--- Provided records Enclosed Below ---

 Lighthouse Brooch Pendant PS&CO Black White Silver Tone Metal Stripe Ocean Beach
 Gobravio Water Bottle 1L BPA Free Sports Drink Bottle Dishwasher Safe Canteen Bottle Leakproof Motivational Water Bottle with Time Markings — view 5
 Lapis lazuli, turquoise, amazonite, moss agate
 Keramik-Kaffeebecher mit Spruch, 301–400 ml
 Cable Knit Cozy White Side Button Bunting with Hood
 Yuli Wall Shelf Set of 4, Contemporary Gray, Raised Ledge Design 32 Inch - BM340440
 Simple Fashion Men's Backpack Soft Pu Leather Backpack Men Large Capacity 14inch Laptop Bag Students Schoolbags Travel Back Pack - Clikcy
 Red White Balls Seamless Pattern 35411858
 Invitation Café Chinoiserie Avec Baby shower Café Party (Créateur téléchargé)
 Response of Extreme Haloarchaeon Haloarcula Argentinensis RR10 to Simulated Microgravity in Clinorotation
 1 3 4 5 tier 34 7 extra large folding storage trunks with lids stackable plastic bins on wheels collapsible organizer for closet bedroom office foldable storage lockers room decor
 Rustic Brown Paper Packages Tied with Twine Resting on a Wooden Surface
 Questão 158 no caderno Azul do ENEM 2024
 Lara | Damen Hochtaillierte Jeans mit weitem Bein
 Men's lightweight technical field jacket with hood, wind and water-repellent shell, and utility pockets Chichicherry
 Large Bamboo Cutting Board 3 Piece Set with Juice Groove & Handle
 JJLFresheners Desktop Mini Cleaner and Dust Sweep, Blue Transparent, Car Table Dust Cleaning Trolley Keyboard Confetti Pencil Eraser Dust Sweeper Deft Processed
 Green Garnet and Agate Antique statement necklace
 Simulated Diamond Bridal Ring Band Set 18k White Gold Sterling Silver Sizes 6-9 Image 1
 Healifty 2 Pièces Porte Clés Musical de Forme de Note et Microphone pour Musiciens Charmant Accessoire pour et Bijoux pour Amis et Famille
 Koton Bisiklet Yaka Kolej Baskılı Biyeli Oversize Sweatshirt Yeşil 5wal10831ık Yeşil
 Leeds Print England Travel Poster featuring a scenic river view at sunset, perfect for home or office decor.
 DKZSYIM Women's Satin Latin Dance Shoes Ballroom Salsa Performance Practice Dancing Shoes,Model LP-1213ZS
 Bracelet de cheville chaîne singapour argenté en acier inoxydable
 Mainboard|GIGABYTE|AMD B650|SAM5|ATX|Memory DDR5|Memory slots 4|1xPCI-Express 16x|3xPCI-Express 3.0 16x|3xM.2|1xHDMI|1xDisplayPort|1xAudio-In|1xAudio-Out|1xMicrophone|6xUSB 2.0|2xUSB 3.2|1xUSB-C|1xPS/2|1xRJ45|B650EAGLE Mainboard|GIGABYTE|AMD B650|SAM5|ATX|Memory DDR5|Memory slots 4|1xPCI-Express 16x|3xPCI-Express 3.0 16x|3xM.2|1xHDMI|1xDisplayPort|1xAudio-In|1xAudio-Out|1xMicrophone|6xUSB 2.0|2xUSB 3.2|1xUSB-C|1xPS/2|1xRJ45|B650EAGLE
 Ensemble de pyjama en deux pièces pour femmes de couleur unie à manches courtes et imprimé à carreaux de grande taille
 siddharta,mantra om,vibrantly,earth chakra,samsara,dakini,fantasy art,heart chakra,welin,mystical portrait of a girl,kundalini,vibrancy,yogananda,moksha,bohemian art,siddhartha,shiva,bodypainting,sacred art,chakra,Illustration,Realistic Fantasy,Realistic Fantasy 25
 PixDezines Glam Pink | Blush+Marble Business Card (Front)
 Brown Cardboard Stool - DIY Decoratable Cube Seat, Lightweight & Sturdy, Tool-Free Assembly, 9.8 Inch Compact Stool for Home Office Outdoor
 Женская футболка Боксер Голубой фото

--- End of Enclosed Provided records ---

**Task brief**.
Return each line of the entries that holds the string "view".

**Answer box**.
 Gobravio Water Bottle 1L BPA Free Sports Drink Bottle Dishwasher Safe Canteen Bottle Leakproof Motivational Water Bottle with Time Markings — view 5
 Leeds Print England Travel Poster featuring a scenic river view at sunset, perfect for home or office decor.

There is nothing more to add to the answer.